Hasta la crisis actual, se venía hablando de un importante proceso individualización en el Derecho internacional contemporáneo -lento e incipiente nada más, pero con indicaciones muy positivas- por el que los individuos, y sus derechos y deberes individuales, parecen empezar a irrumpir en él con cierta fuerza. Era un proceso -hasta esta crisis no exento de luces y sombras, pero con menos sombras que hoy- que sugería que, frente a la doctrina asentada durante siglos de que los sujetos del Derecho internacional son los Estados y no los individuos, comenzaba a haber atisbos de una ruptura con ese protagonismo exclusivo de los Estados que quizá podría terminar siendo radical. Ese proceso de individualización puede ser visto en dos aspectos: en lo que concierne a los deberes individuales, especialmente de los funcionarios, militares y representantes políticos, y en lo que se refiere a los derechos individuales, atribuidos a todos los seres humanos.

En efecto, y recordando cosas que Kai Ambos ha desarrollado en este mismo Simposio, 8 de una parte, desde el final de la Segunda Guerra Mundial y los juicios de Nüremberg, los individuos, y en particular los dirigentes políticos y militares en cuanto representantes de los Estados, han comenzado a ser considerados sujetos de deberes y, por tanto, responsables de delitos ante el Derecho internacional. 9 En esta línea -con sus luces y sus sombras, insisto-, podían ser pasos positivos y decisivos contra la impunidad la creación de tribunales internacionales ad hoc, como los de Ruanda o Yugoslavia, la aceptación de la jurisdicción de cualquier Estado contra ciertos tipos de delitos iniciada en España con el caso Pinochet o, en fin, el tratado sobre la Corte Penal Internacional, entrado en vigor el 1 de julio de 2002. Pero la retirada de la firma de Estados Unidos ha abierto la fatal perspectiva de que el proceso de individualización en este ámbito de los deberes básicos quede abortado. Y, sin embargo, la responsabilidad penal internacional de los individuos, que no en vano fue una de las propuestas de Kelsen para que el Derecho fuera medio para la paz, es una vía esencial para el progreso del Derecho internacional y debería ser recuperada, alentada y extendida, también y sobre todo por un país como Estados Unidos, cuyos principios históricos e ideales son -como se dijo en su Declaración de independencia- "la vida, la libertad y la búsqueda de la felicidad" de todos los hombres.

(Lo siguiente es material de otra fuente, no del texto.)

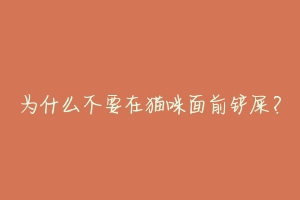 为什么不要在猫咪面前铲屎?-动物百科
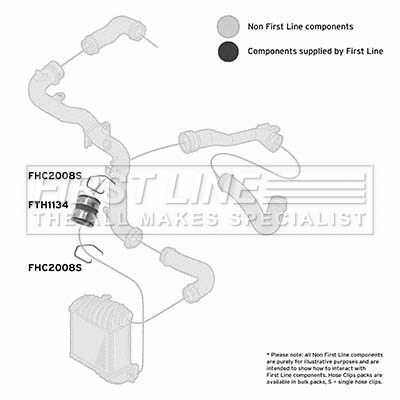 Charge Air Hose (FTH1134)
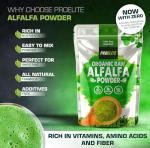 Organic Alfalfa Powder 500g - Vegan Superfood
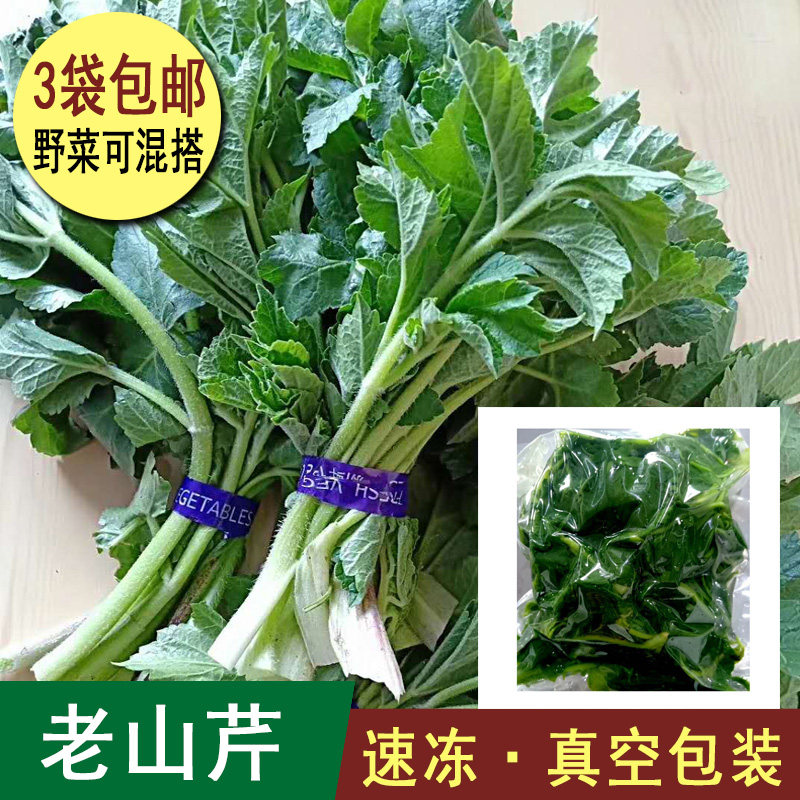 25年新东北野生老山芹大兴安岭速冻真空山野菜老桑芹500g一份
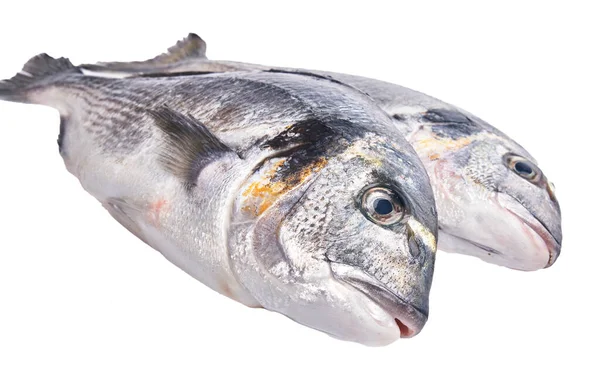 Dos Peces Crudos Sobre Fondo Blanco Aislado — Foto de Stock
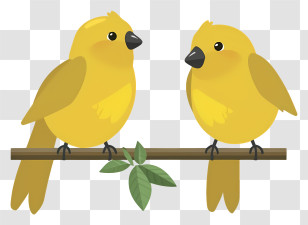Yellow Birds - Pair Of Yellow Birds Illustration Transparent PNG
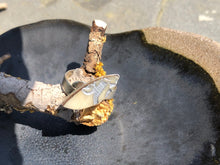 Load image into Gallery viewer, Oval Tagua Ring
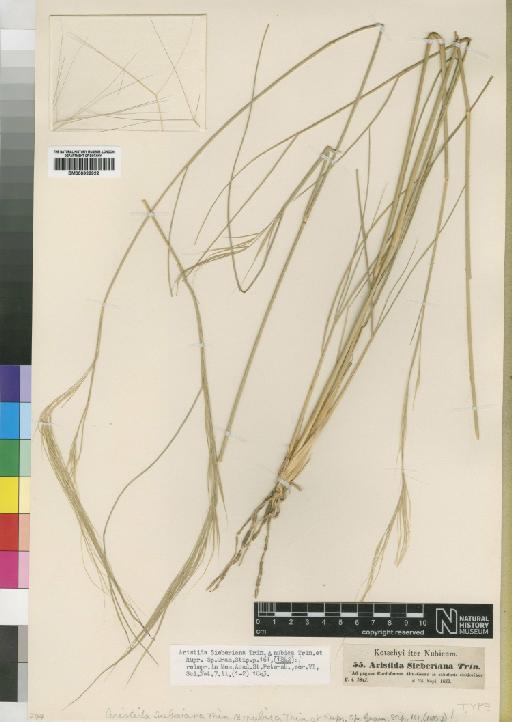 Aristida sieberiana Trin. ex Spreng. - BM000922922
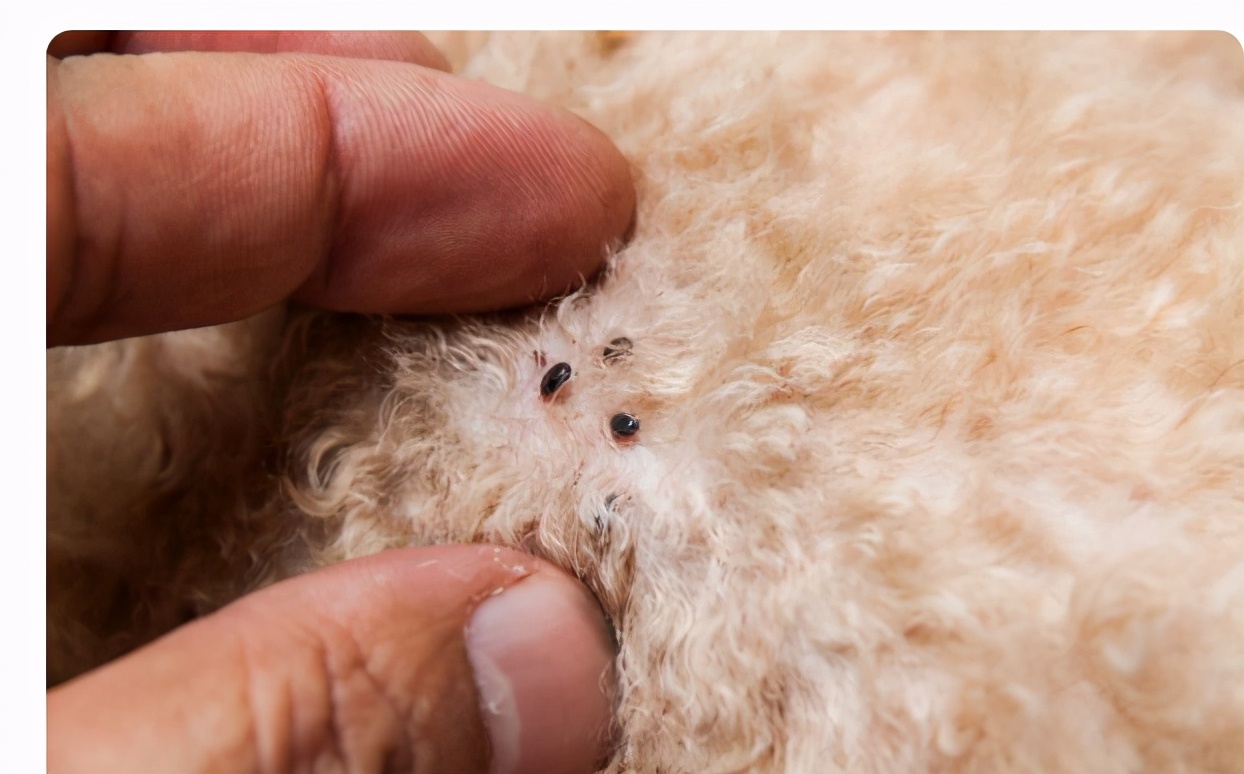 怎样去跳蚤最有效的偏方,秘方驱跳蚤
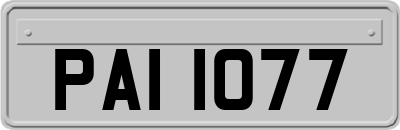 PAI1077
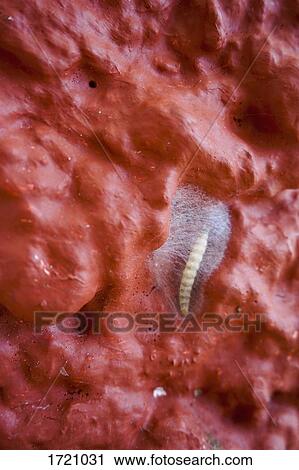Close-up of silkworm on wall View Large Photo Image Stock Image - Close-up of silkworm on wall. Fotosearch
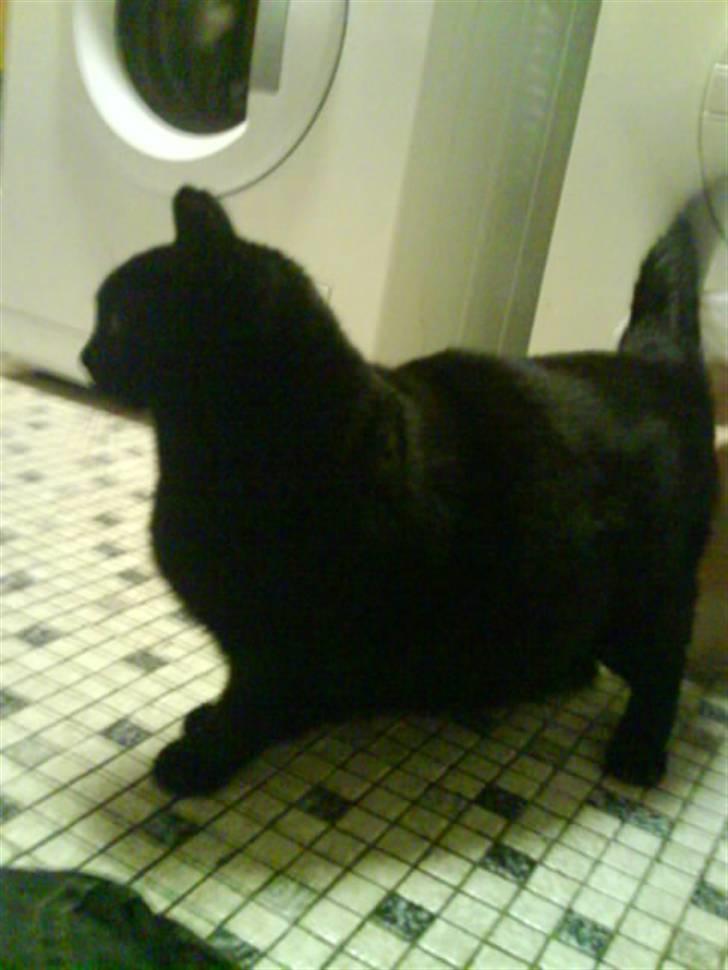 Huskat Sif - 7 billede 7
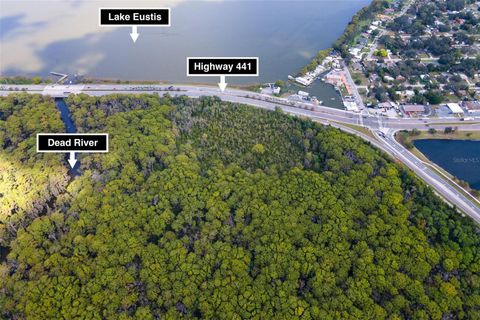 Tiny photo for 1006 W Burleigh Boulevard, Tavares, FL 32778 (MLS # G5103508)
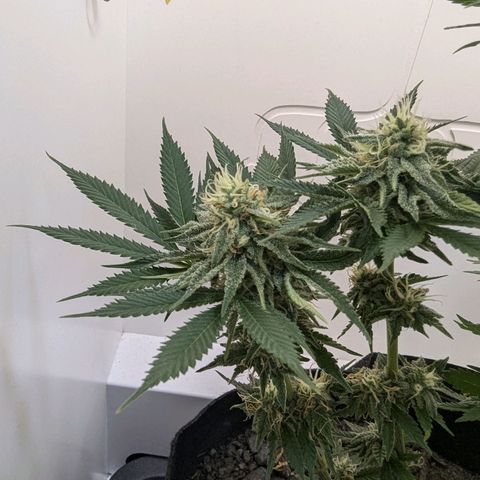 Skunk #1 growlog timeline photo
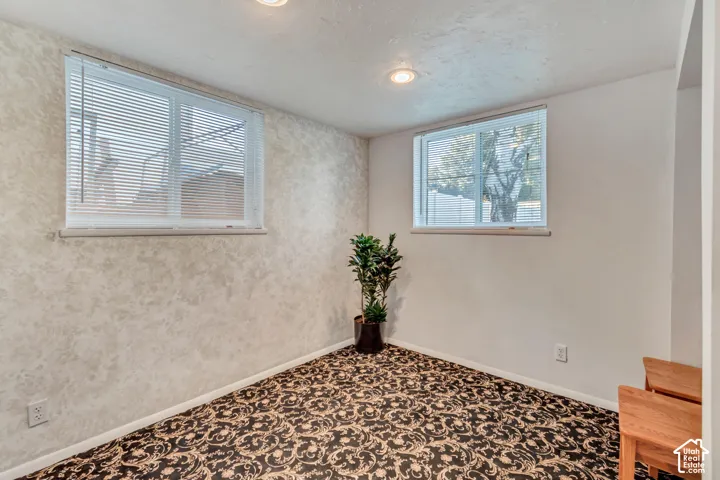 Basement bedroom with plenty of natural light and above-ground windows.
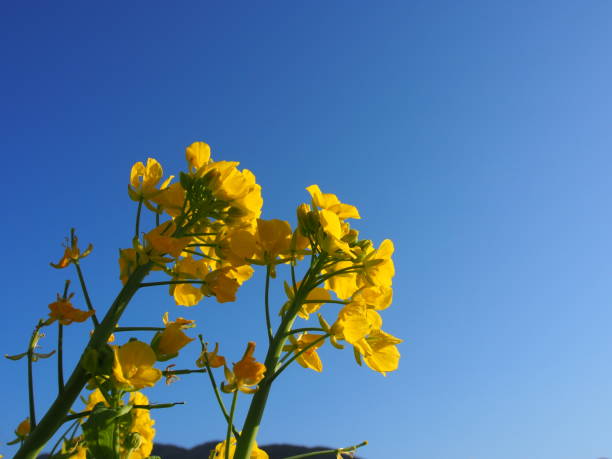 菜の花 ストックフォト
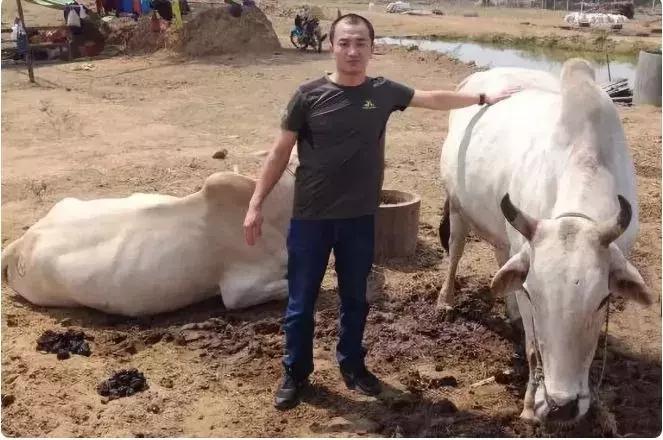 肉牛存栏量不足,国产牛肉为啥一直发展不起来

Por otra parte, la individualización del Derecho internacional contemporáneo se ha venido manifestando también, aunque muy incipientemente, en el fenómeno de la internacionalización -o, dicho de manera más fea pero también más precisa, juridificación internacional- de los derechos individuales, que comienza a perfilarse también tras la Segunda Guerra Mundial, con la Declaración Universal de los Derechos Humanos de 1948, a la que siguieron los Pactos de Naciones Unidas y, en fin, la creación de organizaciones internacionales regionales que, como el Convenio Europeo para la Salvaguarda de los Derechos Humanos y las Libertades Fundamentales, de 1950, han llegado a aceptar que los individuos puedan reclamar judicialmente ante una instancia internacional, como el Tribunal Europeo de Derechos Humanos (también la Corte interamericana de Derechos Humanos, en el marco de la Convención Americana sobre Derechos Humanos, de 1969, puede examinar casos individuales, si bien, como ocurría en el Convenio Europeo antes de 1998, tras haber pasado el filtro de una Comisión). ¿Va a quedar truncado también este proceso, o sólo reducido a ciertas regiones, en parte para los ciudadanos de los Estados que ya protegen en mayor medida los derechos humanos, o podrá seguir extendiéndose en una verdadera y, esta vez claramente positiva, globalización que permita mejorar la suerte de todos los seres humanos? De momento, y lamento ser muy pesimista en el plazo que puedo prever, la pregunta parece tener una triste respuesta.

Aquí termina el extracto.